New federal education law includes protections for foster youth
Yesterday, President Obama signed into law the Every Student Succeeds Act (ESSA), a replacement of the Bush-era No Child Left Behind law and a reauthorization of the Elementary and Secondary Education Act. Beyond overhauling federal education policy, the new law contains many provisions and requirements related to children in foster care and in the juvenile justice system.
According to a coalition of national organizations including the National Center for Youth Law, the American Bar Association, the Juvenile Law Center and the Education Law Center, ESSA addresses longtime concerns about children in foster care who are often forced to change schools multiple times. New provisions are designed to help ensure school stability and academic success for these students.
When the Fostering Connections Act passed in 2008, child protection agencies were assigned sole responsibility to ensure academic success for foster youth as part of national wellbeing standards.
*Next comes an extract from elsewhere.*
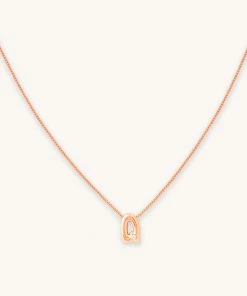 Astrid & Miyu Pendant Necklaces Q Initial Pendant Necklace In Rose Gold With Q
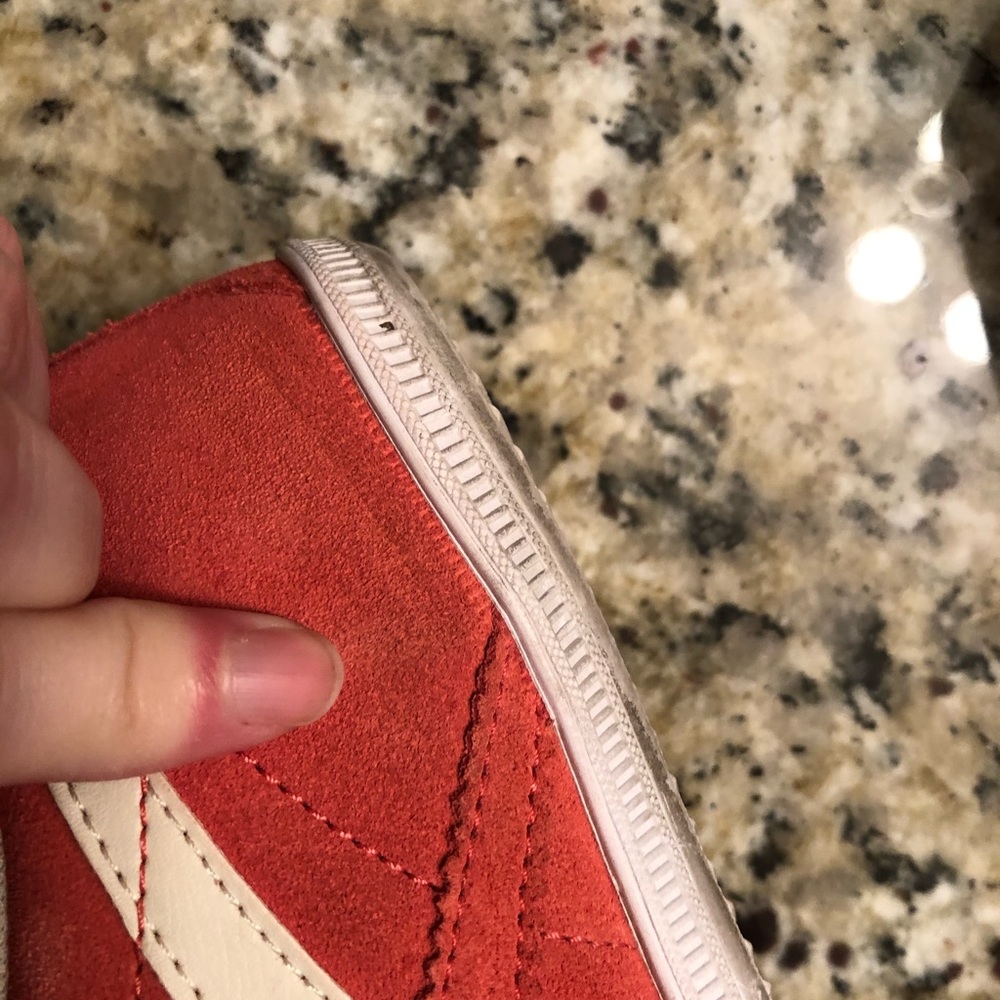 New like reeboks - Picture 8 of 12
Under a prior joint letter from the federal departments of education and health and human services, and now under the new law, school districts share that responsibility.
The law also eliminates enrollment delays, reduces disruptions in education, and provides youth with greater school stability, continuity and success through a number of provisions, including:
- Allowing youth in foster care to remain in the same school even when their foster home placements are changed;
- Requiring schools to immediately enroll children in foster care after a school move;
- Requiring points of contact in every state education agency as well as many school districts;
- Requiring plans for school transportation for youth in care; and
- Tracking achievement data for youth in care.